By Modupe Gbadeyanka

Managing Director and CEO of First Bank of Nigeria, Dr Adesola Adeduntan, has disclosed that Nigeria imports nearly a shipload of rice every week despite the nation being one of the most agriculturally fertile countries in Africa.

The challenge, according to Mr Adeduntan, is that the land is used by subsistence farmers, and is yet to be fully commercialised.

In an interview with World Finance, the First Bank boss explained how the lender is helping farmers to form cooperatives in order to finance the right agricultural inputs and equipment.

He emphasised that the potential of a food-secure Nigeria is huge.

Mr Adeduntan told World Finance that “agriculture has always been a key component of our GDP. What hasn’t happened is to transition agriculture from subsistence farming to commercial farming. We import, I think, a shipload of rice almost every week. And for every shipload of rice imported to Nigeria, it’s costing us about 15,000 jobs.

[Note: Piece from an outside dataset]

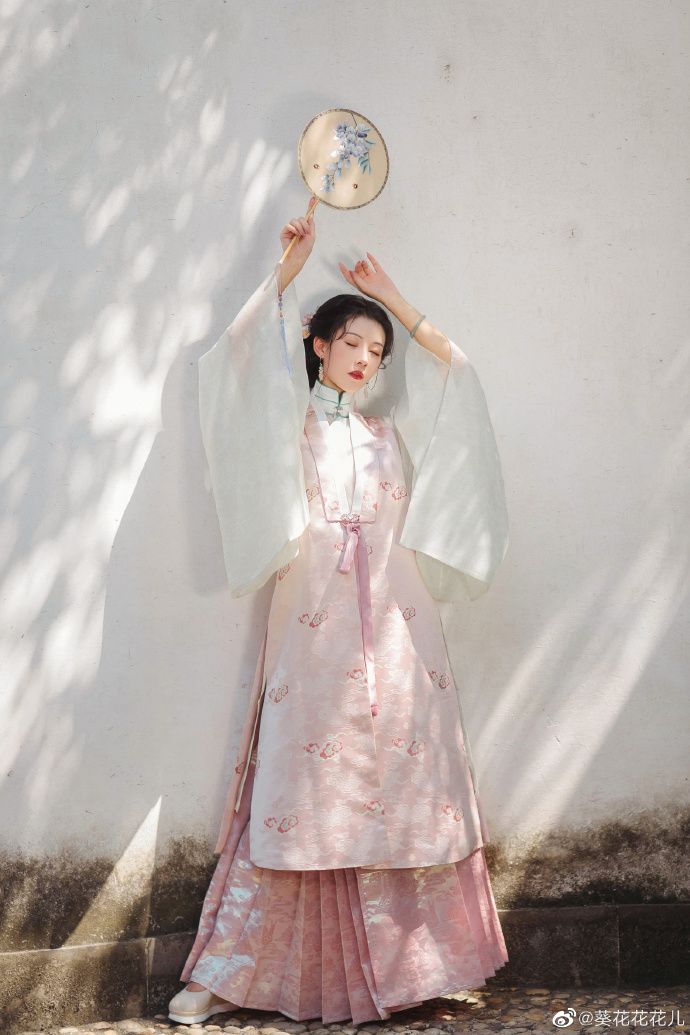 Hanfu Hair Clips:Embracing Traditional Elegance with Modern Convenience Hanfu Hair Clips:Embracing Traditional Elegance with Modern Convenience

“Importation of foodstuff into Nigeria is one of the biggest consumers of our hard-earned foreign currency. A country should, give or take, be able to feed itself. Especially a country that is as endowed as Nigeria.

“So that is actually the revolution that is ongoing now: so that we begin to have agricultural enterprises that have the required skill to be able to compete globally. As a country it’s an area we must get right.”

Speaking further, he said Nigeria today is a country of almost 200 million people, so the business of feeding her people alone is a big business.

“If we can grow our own food – over and above the security that that provides – the savings in terms of foreign currency could be very significant.

“Indeed, it will help us to generate foreign currency, because there’s a renewed focus on crops that we can export – and we use that to generate export proceeds.

“It also helps us to address the issue of youth unemployment. If you commercialise agriculture, and we can get more and more youth into that sector of the economy, then we address the issue of unemployment. So the benefit of getting agriculture right cannot be underestimated.”

When asked how his bank has supported the agric sector, he said, “Over and above making loans available, we have what we call the Outgrower Scheme, where farmers are basically arranged or organised into small groups, and we provide financing to them. And there’s an off-taker who takes their produce off them. So that way the risk of default is minimised.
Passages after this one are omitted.